We cannot but be happy about such a development. We know that this Institute, destined to become the hearth of the religious life of Slovaks in Rome, had already been canonically erected in the Diocese of Porto and Santa Rufina on January 8, 1961, of which Our beloved Predecessor of happy memory, Pope John XXIII, blessed the first stone on May 13, 1963. It is a worthy work and a grand one, for which We should be grateful to so many Slovak benefactors scattered throughout the world, among whom are numbered also those of modest means - all with generosity and sacrifice meriting Our praise and a divine reward. We want to be mindful specially of the Slovak people resident in the United States of America, who, under the auspices of the «Slovak Catholic Federation of America», have responded generously to the untiring efforts of the above-mentioned Bishop Grutka in order that this work could achieve its goal.

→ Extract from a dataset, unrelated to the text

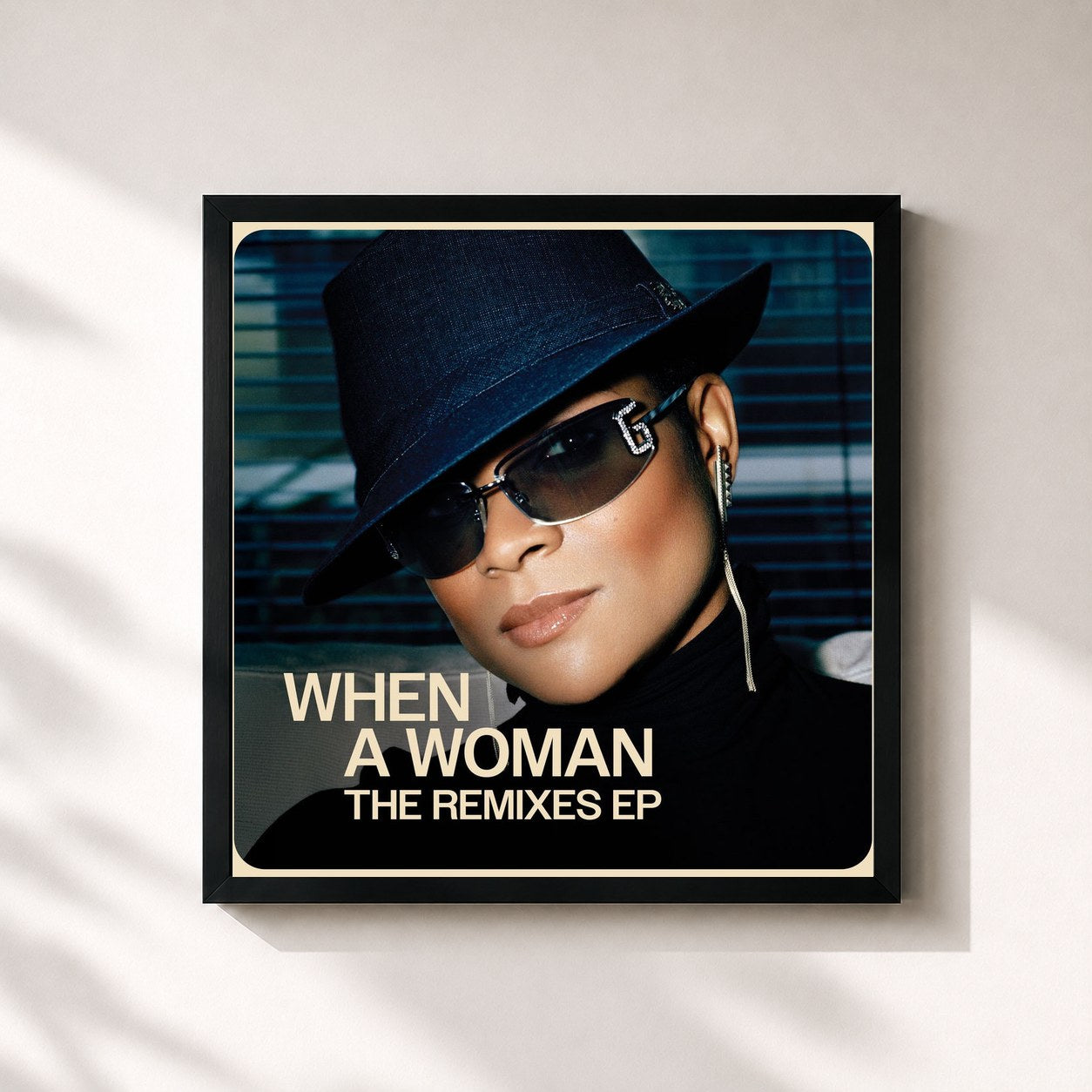 #noir Tableau carré de l'album When A Woman - The Remixes EP de Gabrielle, cadre noir 32x32 cm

The official and effective support which Their Eminences, Cardinal Tisserant, Bishop of Porto and Santa Rufina, Cardinal Pizzardo, Prefect of the Sacred Congregation of “Seminaries, Cardinal Confalonieri, Secretary of the Sacred Consistorial Congregation,. gave to the foundation of this Institute is well known to Us. To them goes the expression of Our heartfelt gratitude.

Dear Sons of the Slovak nation, to Our satisfaction and to Our praise, for reasons already explained, allow Us to add a word of paternal recommendation - perseverance. Continue to cultivate the memory, the cult, the imitation of your Saints, who from the distant Middle Ages even now light the paths along which the spirit of the Slovak people must pass in our time and in the future; solemnly confirm your Catholic faith on the Roman remains of their mission; in the Institute, which you have founded at the gates of Rome, concentrate your good ideals and your hopes; make it the contact point for your groups scattered through the world; send to it your sons whom the Lord might call to His service in the priestly ministry; and continue to maintain it with your offerings and your confidence.

From Our part, We will pray that your Saints Cyril and Methodius, who strengthen and sustain your loyalty, may hold your hearts united in fraternal spiritual bonds and that they may continue to protect your fatherland; and aided by their intercession, We will invoke the Sorrowful Mother whom the Slovaks lovingly consider their heavenly Patroness.

And, sure of your constant fealty to the Catholic Church and to the See of St. Peter, We will continue to have paternal concern for you and to comfort you with Our Apostolic Benediction, as We do now from Our heart.